Leaders such as Father Hesburgh, Joseph Scott, Erskine Peters, Hugh Page, Richard Pierce, Dianne Pinderhughes, and many more created and sustained a space in which the histories, politics, and cultures of Africans and African diasporic peoples received rigorous critical reflection and where Black students, in particular, could find the guidance and emotional support they needed. One example of this support was the Erskine Peters Dissertation Fellowship program that provided funding and mentoring to black graduate students, producing a number of influential scholars including James Ford III, author of Thinking Through Crisis, winner of the William Sanders Scarborough Prize.

Or the individual efforts on the part of Maria McKenna, Richard Pierce, Father Paulinus Odozor, and many others have helped to nurture stellar Black alumni such as Nikole Hannah-Jones, McArthur Genius Award winner and creator of the 1619 Project at the New York Times.

But the history of Africana Studies is but one example of so many. The Institute for Latino Studies, the Klau Center on Civil and Human Rights, the Gender Studies Program, the Center for Literacy Education, Notre Dame Learning’s Kaneb Center, the Center for Social Concerns, the Department of American Studies, the Liu Institute for Asia and Asian Studies, the Office of Student Affairs, and many more have worked for decades to research race and/or to support students, faculty, and staff of color.

Therefore, when Sarah Mustilllo became Dean of the College of Arts and Letters, in the summer of 2018, and began to organize faculty and resources for an initiative on race, she had a solid foundation on which to build. In March of 2020, she convened a committee to research and write a proposal, and so through the spring and summer of 2020 professors La Donna Forsgren, Daniel Graff, Jaime Pensado, and Azareen Van Der Vliet Oloomi worked long and hard to give words to Dean Mustillo’s vision. Most recently, professors Maurizio Albahari, Jaimie Bleck, and Dianne Pinderhughes have joined the group as it transformed from the committee to the permanent Advisory Board for the Initiative. And all along the way, Elicia Dennis, Alissa Doroh, and Kate Garry have provided essential staff support without which the Initiative would not be possible.
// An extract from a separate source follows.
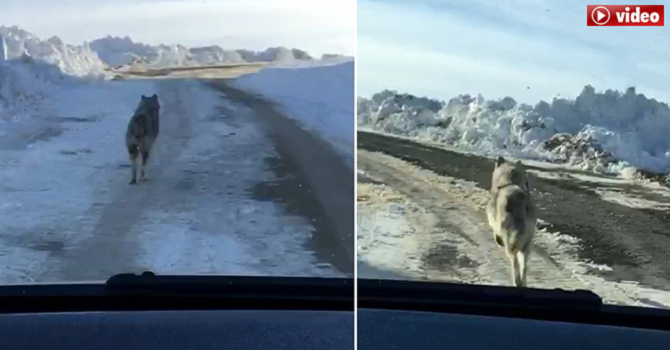Hakkari'de aç kalan kurt böyle görüntülendi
All of us who believe in the work of the Initiative on Race owe everyone at Notre Dame, past and present, who has worked to build a more racially just world a great debt of gratitude.
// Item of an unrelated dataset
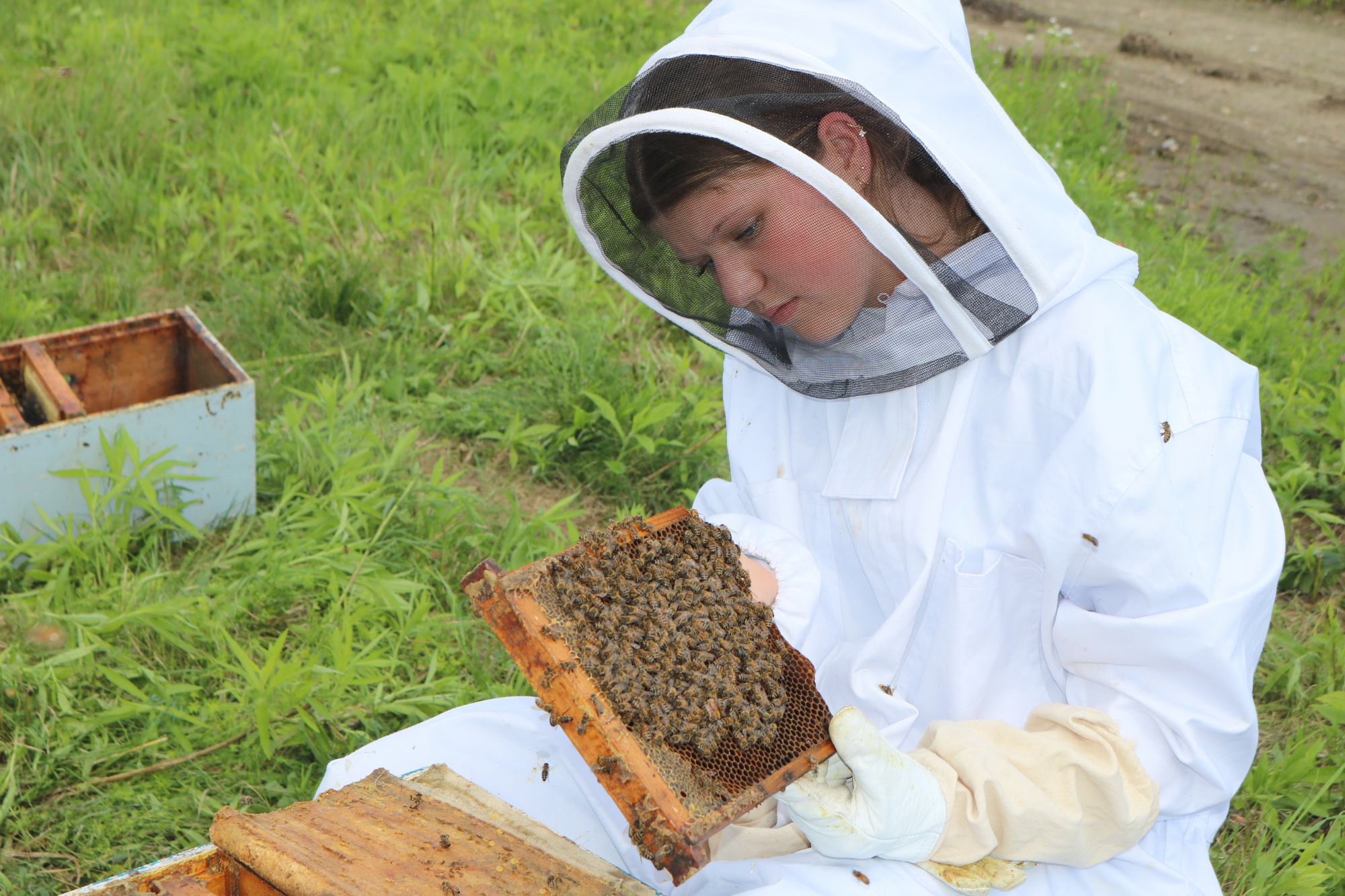 During LIFT, our weeklong trades exploration program for high school students, a student examines a bee hive.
Needless to say, the circumstances under which Notre Dame is creating this Initiative are pressing and dire. The COVID-19 pandemic has underscored radical disparities according to race and ethnicity in healthcare, jobs, and housing, not just in the United States but across the globe; the killing of Ahmaud Arbrey, Breonna Taylor, George Floyd, Rayshard Brooks, Andre Hill, and so many more have called attention to the systemic racism, intimidation, and brutality that Blacks and BIPOC communities more generally have been protesting for generations, and the 45th President of the United States actively pursued the nullification of votes by millions of Blacks across Georgia, Michigan, Pennsylvania, and Wisconsin to overturn an election that he clearly lost. Aided and abetted by too many elected officials who know better, he then incited a white nationalist mob to attack the Capital Building to prevent the ratification of the Electoral College vote.
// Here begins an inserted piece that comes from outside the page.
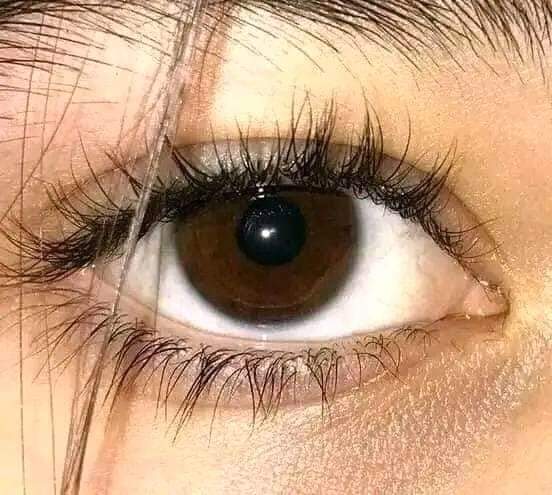 _farjanamim_'s tweet photo. Last Night So Many People Closed Their Eyes To Sleep, And Never Got To Open Them Again. You Weren't One Of Them.

.     "Say ALHAMDULLILLAH 😊🤗" https://t.co/LTTiT2hjKk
In the face of these overlapping crises, I, like so many others, struggled to make sense of it all, and indeed to remain hopeful. But I remind myself that the struggle for racial equality and freedom has been a long one, stretching back to the first moment of European contact with the so-called New World, to the present moment, and beyond. Scholars, artists, and activists have historically bent their talents toward justice, and so the Notre Dame Initiative on Race and Resilience offers its talents in solidarity with communities anywhere and everywhere committed to racial equality and recuperative justice.

Sincerely,

Mark A. Sanders

Director of the Notre Dame Initiative on Race and Resilience

Professor of English and Africana Studies

 

I acknowledge my presence on the traditional homelands of Native peoples including the Haudenosauneega, Miami, Peoria, and particularly the Pokégnek Bodéwadmik /Pokagon Potawatomi, who have been using this land for education for thousands of years, and continue to do so.